● **SOURCE DATA**:

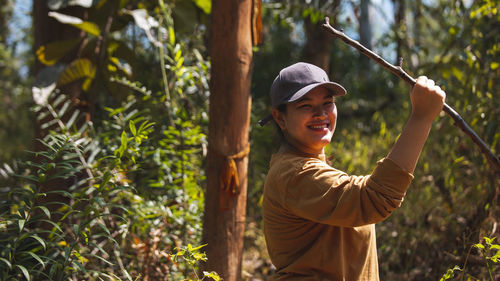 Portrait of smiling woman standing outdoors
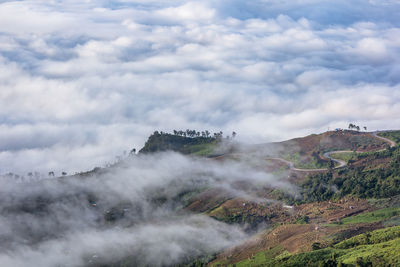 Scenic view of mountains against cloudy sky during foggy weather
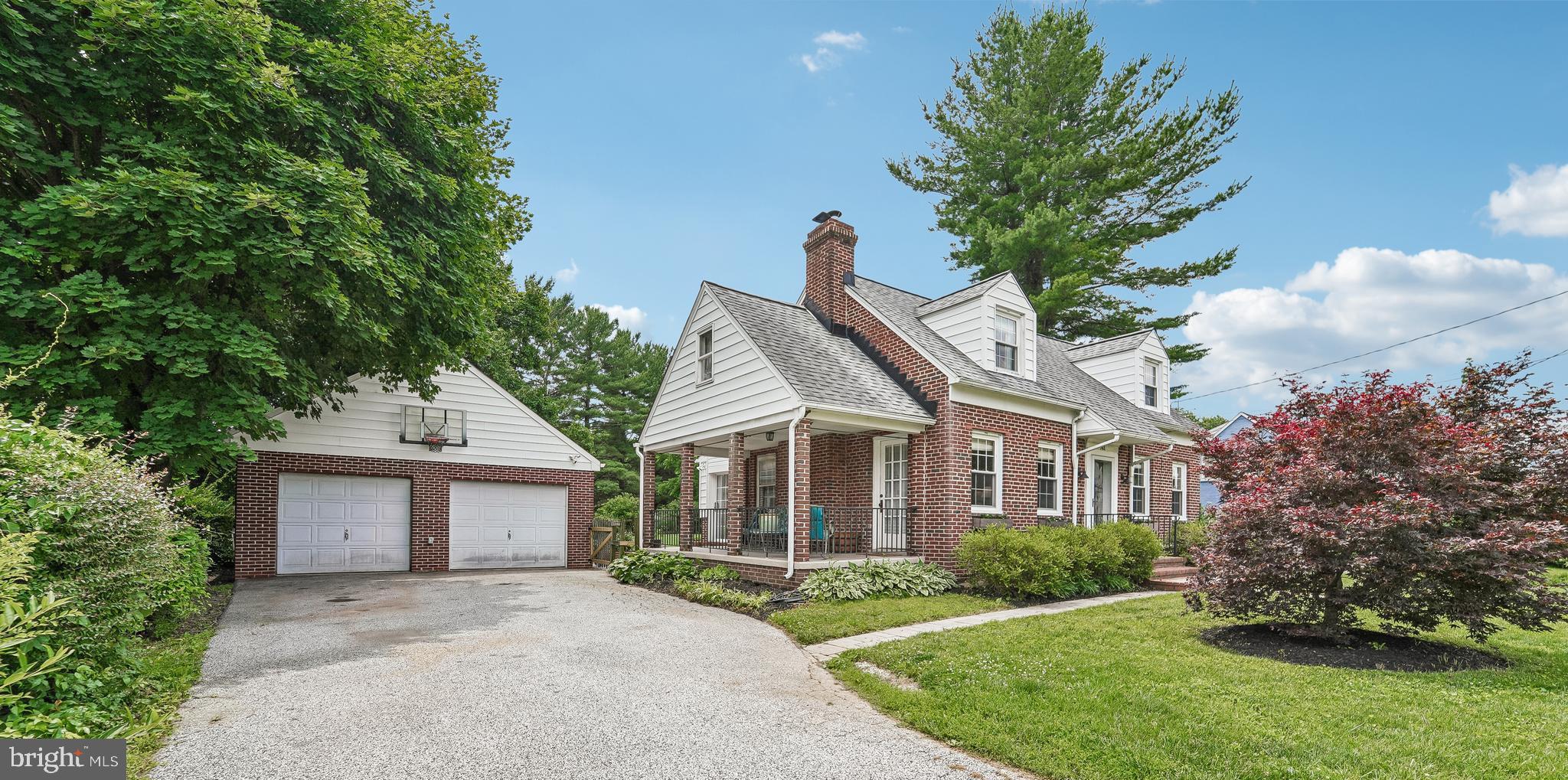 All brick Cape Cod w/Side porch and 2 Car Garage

● **WHAT YOU SHOULD DO**: Extract the lines beginning with the one that contains "Scenic view of" and ending with the last line of the listing. Keep them exact and drop the pictures.

● **RESPONSE TO THIS EXERCISE**:
 Scenic view of mountains against cloudy sky during foggy weather
 All brick Cape Cod w/Side porch and 2 Car Garage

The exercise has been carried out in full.